■ Required action ■
Exclude all pictures from your copy of the data below, which should otherwise match exactly.

■ Dataset content ■

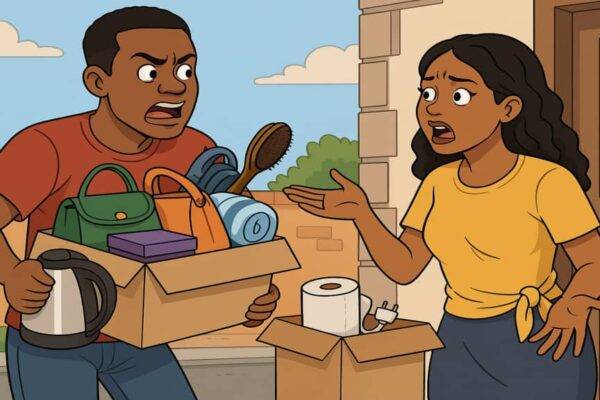 Ex-Boyfriend Wahala: Babe Yarn How Guy Collect All Him Gift Back After She Fall Him Hand Say ‘No’ to Proposal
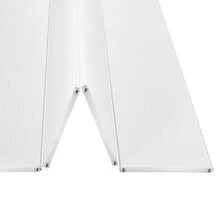 Foldable Bath Cover PVC Replacement Hot Tub Cover Spa Lids 31.5*5.91*5.91 Inch - Default - View 11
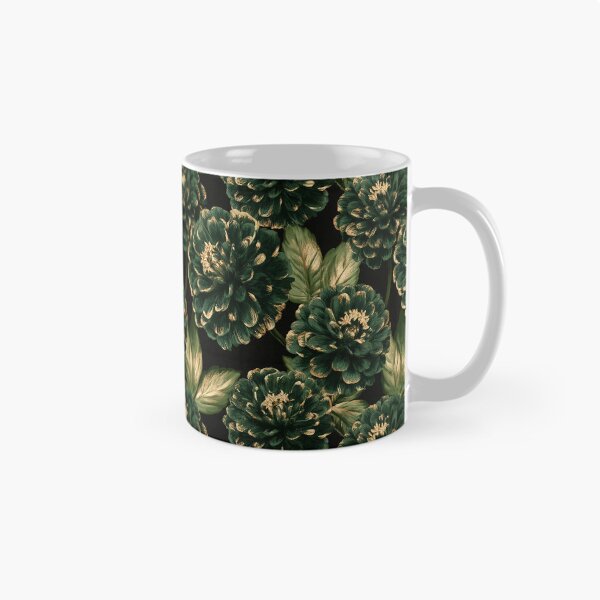 Item preview, Chic Zinnia Flower - Tropical Flower Pattern - Christmas Gifts For Dad designed and sold by RoyalStarsPatts.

■ Exercise result ■
 Ex-Boyfriend Wahala: Babe Yarn How Guy Collect All Him Gift Back After She Fall Him Hand Say ‘No’ to Proposal
 Foldable Bath Cover PVC Replacement Hot Tub Cover Spa Lids 31.5*5.91*5.91 Inch - Default - View 11
 Item preview, Chic Zinnia Flower - Tropical Flower Pattern - Christmas Gifts For Dad designed and sold by RoyalStarsPatts.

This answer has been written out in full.